Tag Archives: Traverse City
I never fully realized the power that is within me to make a difference, until recently. Last summer, my daughter and I spent time with extraordinary people who were providing homes for orphans, feeding the hungry and curing the ill. They were all people we met while making a documentary about the change makers in our world – people who are making our planet a better place.
Our goal was to inspire and motivate others as to what they can do to make a difference in their own communities. Our goal was to cause a shift, in culture and in thought – from “what in it for me?” to “what can I do?” We’ve just begun to submit this documentary to film festivals and show sneak previews to small audiences but I can already tell that this film has affected change and the potential it has to move people to action.
From our first sneak preview at the beautiful State Theater in Traverse City, MI to a recent screening at MIS in Sao Paulo, Brazil, I feel the energy in the room and the collective desire to strive for a better world. I feel the power of film and the power within me as a storyteller and filmmaker. I feel the time for this film is now and that people are hungry for hope.

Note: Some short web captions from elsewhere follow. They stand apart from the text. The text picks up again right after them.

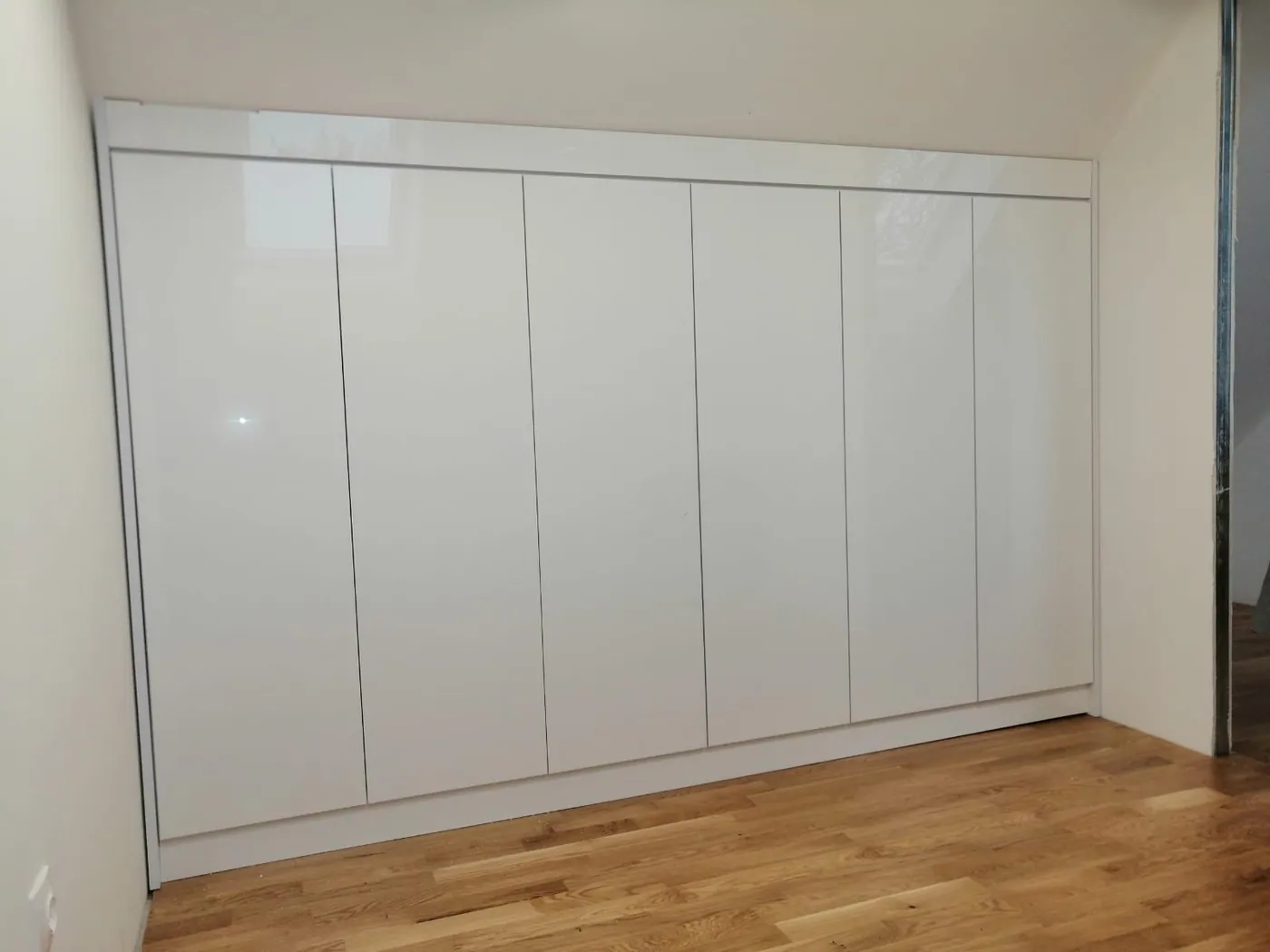 Ugradbeni ormar po mjeri – Lišće d.o.o. Zagreb, primjer 10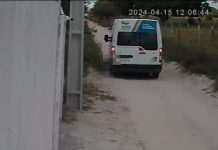 Criança de 4 anos foca ferida após descer de van escolar e ser atropelada pelo veículo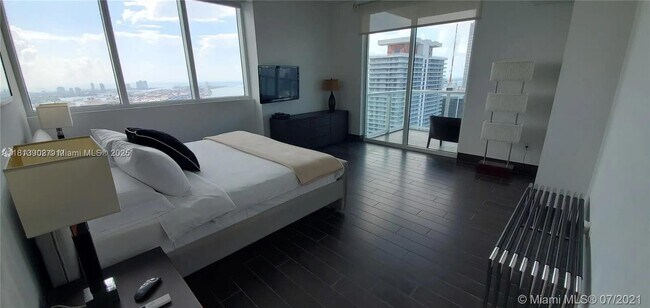 Photo - 253 NE 2nd St Unit 4808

Many documentaries take the critical point of view and certainly have more conflict. Opening Our Eyes is different from other docs in that it shines a light on what IS being done to create positive change by individuals all over the world. Somehow by showing the small acts, this film makes all of us believe that we can create change as well. It empowers us to believe in the possibilities and gives us the hope we seem to be yearning for these days.

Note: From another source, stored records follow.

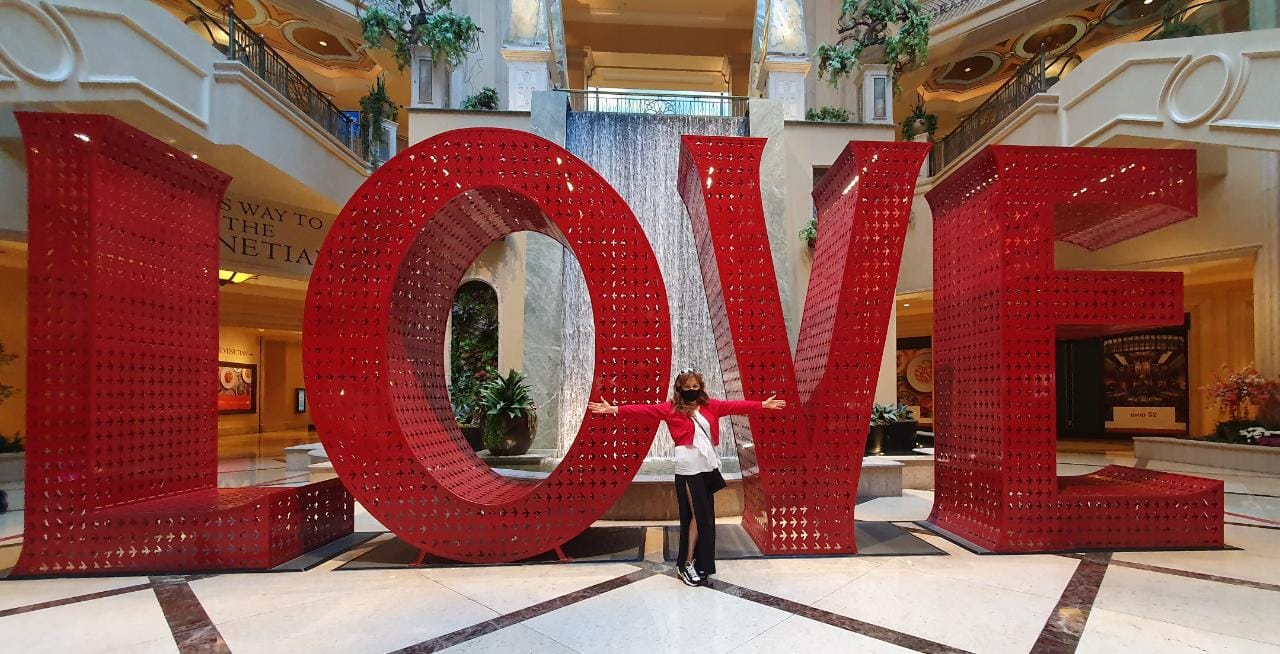 Escultura LOVE en Venetian Hotel Las Vegas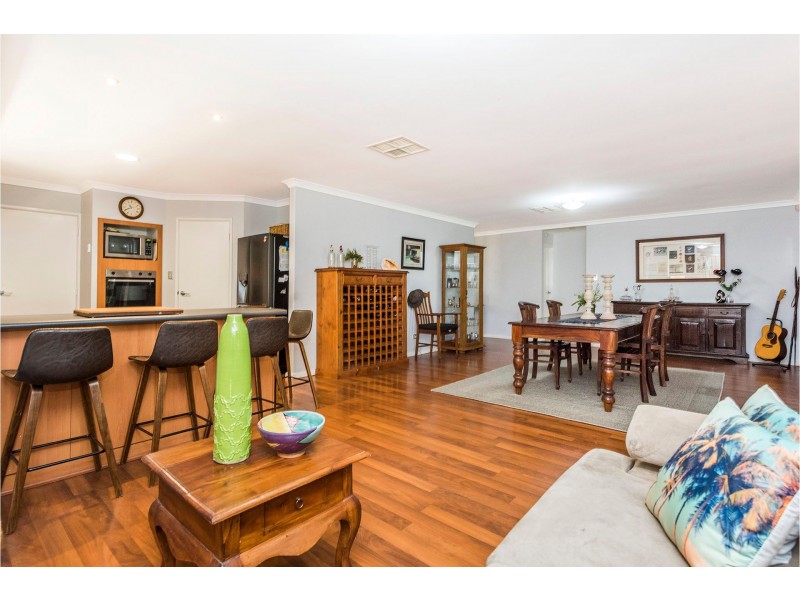 10 Rowell Gardens, High Wycombe WA 6057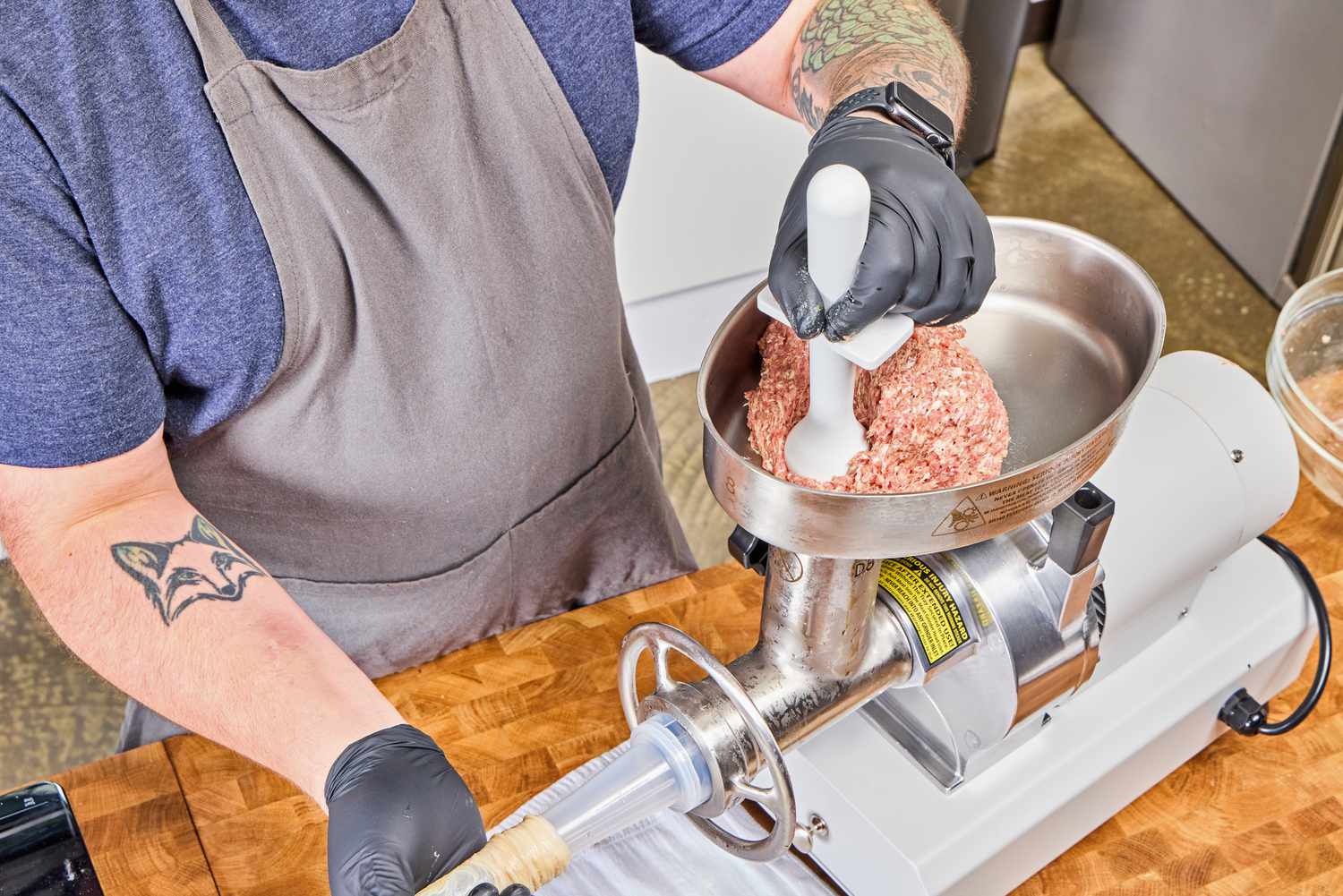 چرخ کردن گوشت گرم: روشی سریع اما با محدودیت ها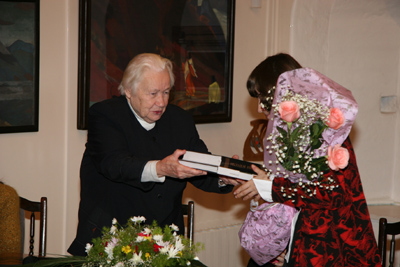 Tatiana Turkulets being awarded prizes from Art - 21st Century Publishing House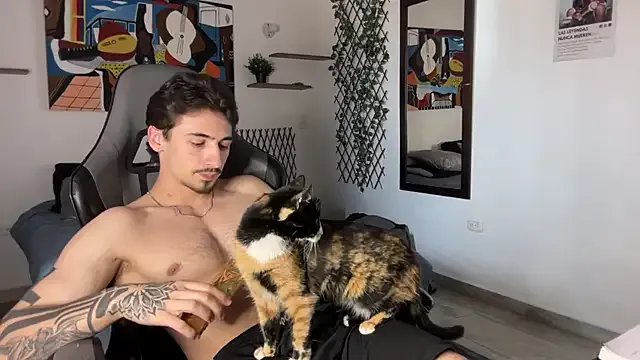 David_Brown18 on StripChat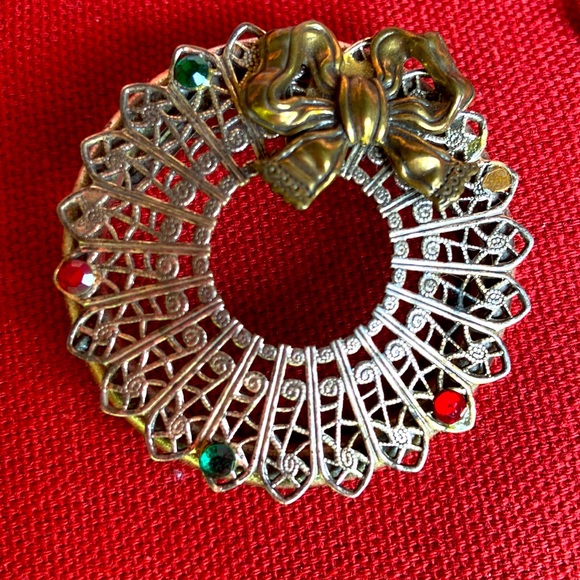 Vintage Holiday/Christmas Brooches- Set of 4 - Picture 2 of 6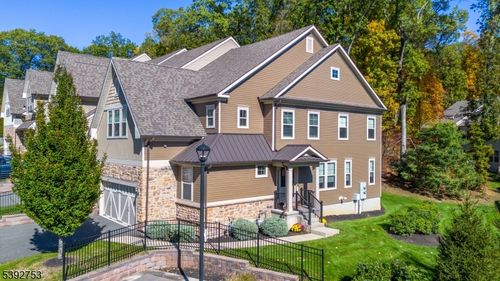2 Albie Dr, Mountain Lakes, NJ, 07046-1901 | Card Image
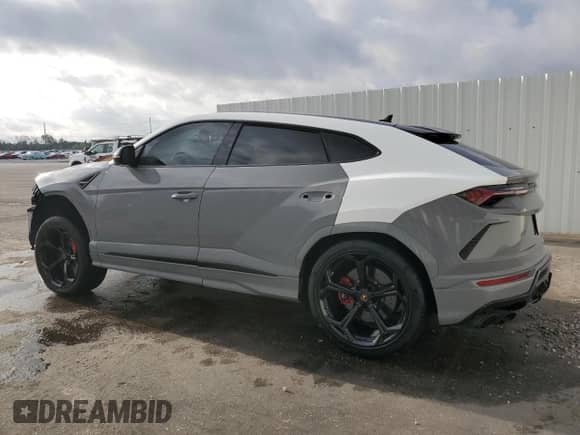 2019 Lamborghini Urus with VIN ZPBUA1ZL4KLA04094, listed as a Copart auction lot 48342645 with 31,008 mi miles and Clean title. Bid and sale history available at DreamBid. Image 2.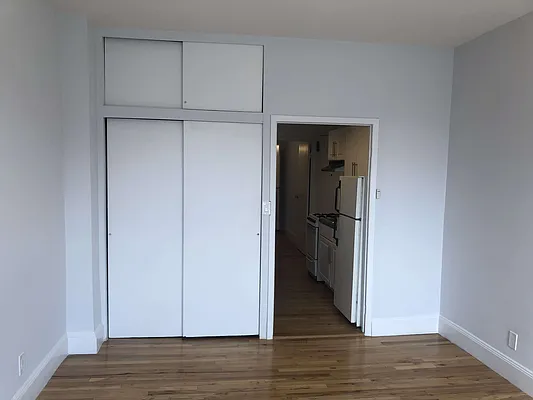 Rented by Waverly Realty Associates | media 25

When I first conceived of the idea for this film, inspired by friend and neighbor Maggie Doyne, I was looking for some positive hope myself. I was tired of listening to the hundreds of “experts” on TV talking and all of them needing to be “right” – and nothing was getting any better. That was long before the Arab Spring and the Occupy movements. What I was sensing was the rest of the world was feeling the same way I was and decided to do something about it.
Time will tell if the film continues to create awareness and moves people to action, but at least I’m hopeful again.

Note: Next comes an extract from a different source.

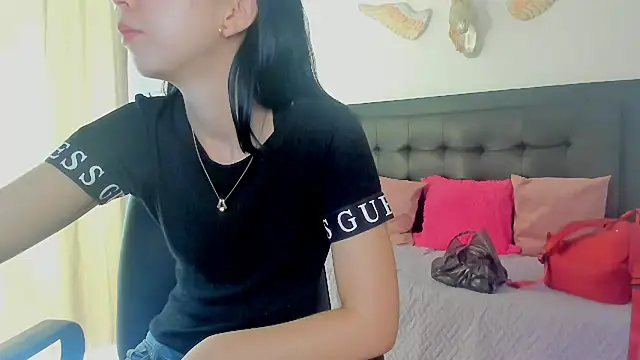 Natalye 23 online show from 04-28-26, 06:12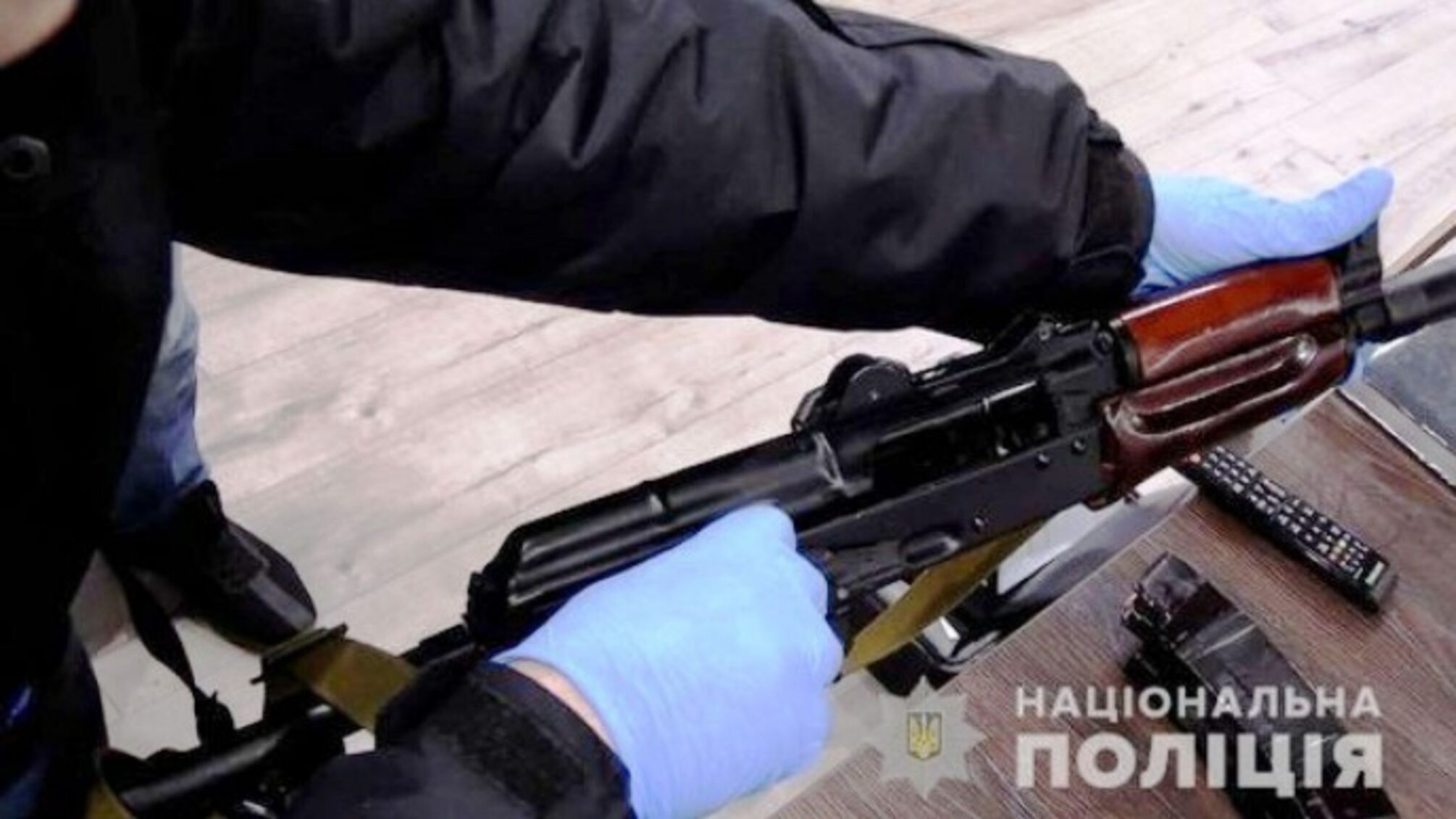 Пьяный полицейский открыл стрельбу по людям в Винницкой области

We can’t do it without your help.
Yesterday morning, Opening Our Eyes was screened for the first time. It was perfect in every way.
We had picked the State Theater in Traverse City, MI for a few reasons:
- Our only two North American subjects were from Michigan
- I had a lot of family in Traverse City and I knew they could get the word out and fill seats
- The State Theater is a beautifully renovated theater with state of the art facilities and an old fashioned marquee to top it off
- Traverse City is a beautiful place to be in the summer because of all the water around it
The night before the screening, Erin, Tom and I and our friend and executive producer, Angel Burns went down to the theater to take some pictures of it. There it was on the marquee – right under MIDNIGHT IN PARIS – OPENING OUR EYES– A SNEAK PREVIEW – SUNDAY 9AM. There it was, sharing the billing with one of my favorite recent films. Night theater ErinMVI_0178 As soon as the 10 o’clock showing of Midnight in Paris went in – a 3-man crew started taking down the letters and putting up new ones.
It took them some time but letter by letter up it went. But it was when they started putting up our names that an incredible feeling went through my body. I had done it. I did what I set out to do.
The next morning, I was full of nerves. It has been a long time coming and the day had arrived. My Aunt Ike and cousin Rene had spread the word through town amongst friends, family, co-workers. There was a family reunion also planned that weekend and all those people had come. Angel was outside talking to folks who were looking at the poster of what was playing at the upcoming Traverse City Film Festival next week, and invited them. All in all, I think there were about 150-175 people – not bad for a Sunday morning in a town with a lot going on.
As the curtain went up – yes, a beautiful classic red curtain -and the movie began, it was almost surreal. Even though I had seen this film a hundred times – it was the first time I watched it as a movie – with popcorn and all. But I think the best part was the Q&A when a man stood up to ask a question. He said “Thank you for making this film. It has changed my life”. He had been someone Angel had talked to outside. He hadn’t even intended to go see a movie that morning. That was a big moment for me.
On to Detroit on Thursday, for our next sneak preview. It won’t be as grand as the first screening – because the first one’s are always the most special – but our two subjects Marian and Maureen will be there. Can’t wait.